>>>

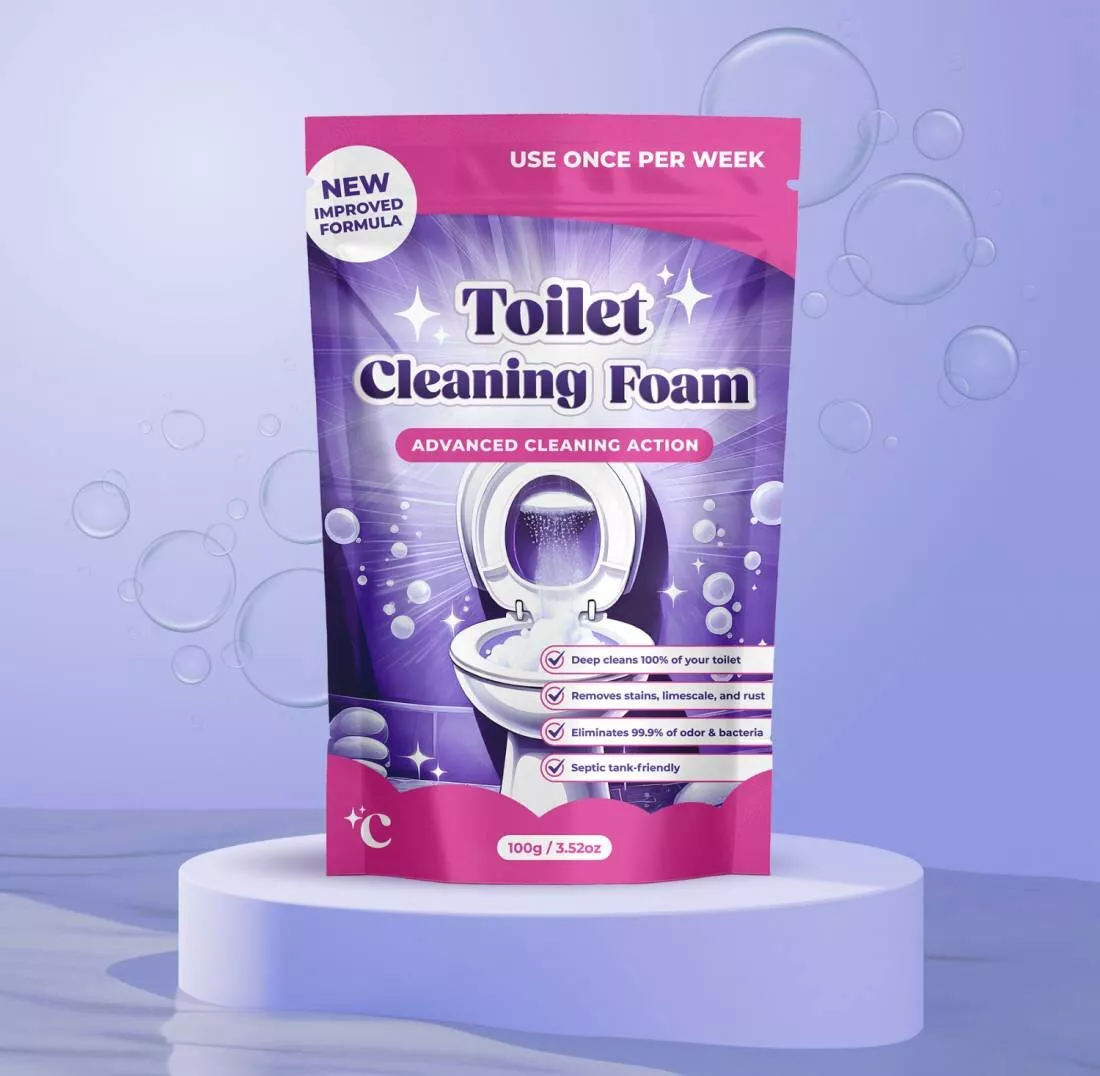 FizzClean Toilet Cleaning Foam Product
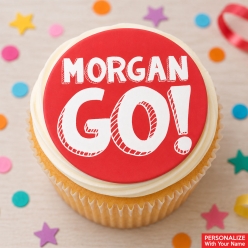 Danny Go Personalized Name Cupcake Icing Toppers 12pk
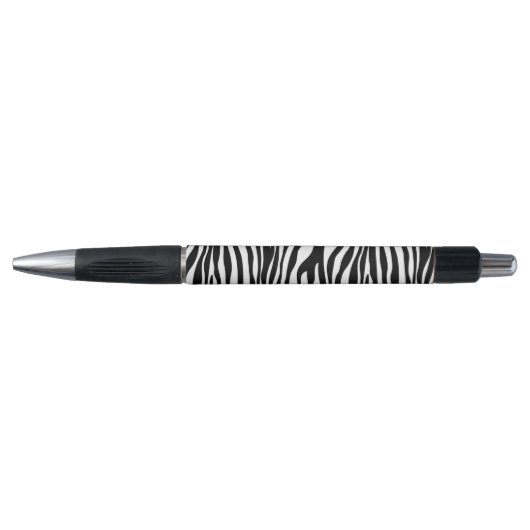 Zebra Print, Zebra Stripes, zwart en wit Pen (Voorkant)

<<<

WORK TASK: Exactly repeat the data above; the pictures do not belong in your copy.

WRITTEN SOLUTION:
 FizzClean Toilet Cleaning Foam Product
 Danny Go Personalized Name Cupcake Icing Toppers 12pk
 Zebra Print, Zebra Stripes, zwart en wit Pen (Voorkant)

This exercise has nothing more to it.